BEGIN DATA PROVIDED

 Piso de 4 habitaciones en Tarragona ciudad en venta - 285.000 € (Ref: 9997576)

END DATA PROVIDED
BEGIN DATA PROVIDED

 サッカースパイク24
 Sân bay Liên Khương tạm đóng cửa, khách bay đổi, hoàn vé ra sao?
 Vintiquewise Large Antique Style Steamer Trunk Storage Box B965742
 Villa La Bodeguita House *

END DATA PROVIDED

# TASK PROMPT:
Repeat the entries above verbatim, but only from the line that has "Sân bay Liên" down to the line that has "Villa La Bodeguita House *", inclusive.

# EXERCISE RESPONSE:
 Sân bay Liên Khương tạm đóng cửa, khách bay đổi, hoàn vé ra sao?
 Vintiquewise Large Antique Style Steamer Trunk Storage Box B965742
 Villa La Bodeguita House *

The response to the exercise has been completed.